El segundo gran milesio se llamaba Anaximandro, considerado por los estudiosos como el más audaz e innovador de aquella primera escuela de filosofía. Originario también de Mileto, pudo nacer alrededor del 611 a.C, en el seno de una noble familia griega. Según la leyenda, participó en una expedición colonizadora al mar Negro. Fue el primer griego que publicó una obra en prosa, en lugar de hacerlo en verso. Por desgracia, sólo nos quedan algunos fragmentos de su libro, que, sin embargo, pudo leer Aristóteles. Fue el primero en trazar un mapa del mundo conocido, separando las tierras de los mares. Diseñó el primer globo celeste, una media esfera hueca en cuyo interior se dibujaban las constelaciones conocidas entonces. También fue el primer sabio que aplicó la palabra «Cosmos» para denominar el universo.

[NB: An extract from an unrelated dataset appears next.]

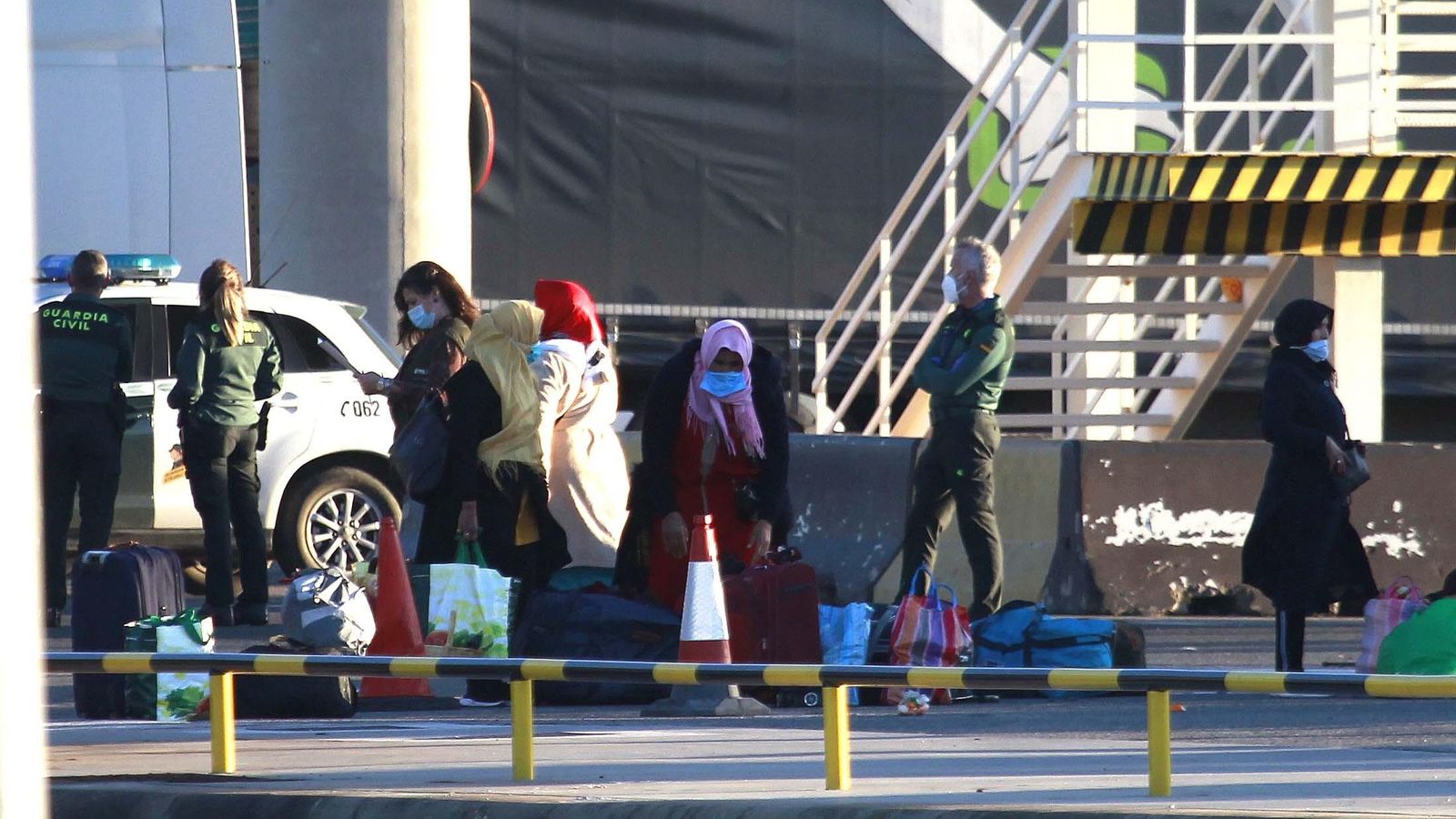 Trabajadoras marroquíes en el puerto de Algeciras.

Para Anaximandro, el mundo está hecho de cuatro elementos en constante guerra entre ellos: la tierra, el fuego, el agua y el vapor. Pero entre todos esos elementos en lucha permanente hay un equilibrio, en el que ninguno domina sobre otro y que llamó «la igualdad de potencia»; de ese equilibrio nacen los contrarios, surgiendo de la materia neutra y primigenia: lo oscuro y lo luminoso, lo frío y lo caliente, lo seco y lo húmedo. Al fin, de la guerra incesante entre contrarios brotan los seres vivos.

El cosmos es una masa en constante movimiento y los primeros animales, en forma de peces, tienen para Anaximandro espinas y escamas. De ellos vienen los animales terrestres. Y el hombre, en consecuencia, no es más que una especie mejorada de pez, un ser que ha evolucionado desde una forma de vida inferior. ¿No anduvo Darwin por los mismos derroteros un buen montón de siglos después?

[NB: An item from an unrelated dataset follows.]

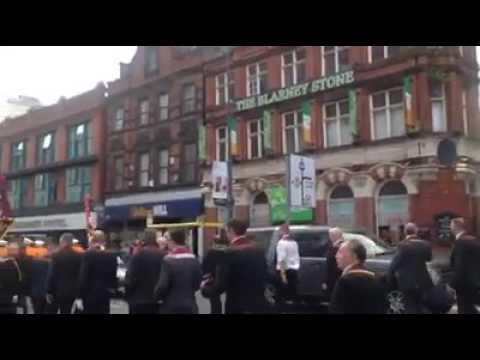 Liverpool loyalists on Apprentice Boys of Derry parade attack Irish pub on Renshaw street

Anaximandro dio un grandioso salto en la historia del pensamiento al considerar que hay una ley natural que lo gobierna todo y a la que no podemos resistirnos las criaturas de la Tierra. Buscó una ley original para la materia, con sus normas y sus ritmos, oculta detrás de la apariencia, lo que suponía abrir el camino a la abstracción y a lo conceptual.

El único fragmento completo que conservamos de su libro dice así: «Donde lo que es tuvo su origen, allí es preciso que vuelva en su caída, de acuerdo con lo que determina el destino. Las cosas deben pagar unas a otras castigo y pena, de acuerdo con la sentencia del tiempo». Ese pensamiento seguirá presente en toda la filosofía posterior, desde Heráclito de Éfeso hasta los atenienses Aristóteles y Platón. Y será una idea que influirá en el nacimiento de la tragedia y en el florecimiento de las artes del mundo griego.

La aportación suprema de Anaximandro a la historia del pensamiento humano es el principio de armonía, que expresa la relación de las partes con el todo. Werner Jaeger lo explica así: «Es incalculable la influencia de la idea de armonía en todos los aspectos de la vida griega en los tiempos posteriores. Abraza la arquitectura, la poesía y la retórica, la religión y la ética. En todas partes aparece la conciencia de que existe, en la acción práctica del hombre, una norma de lo proporcionado que, como la del derecho, no puede ser transgredido con impunidad».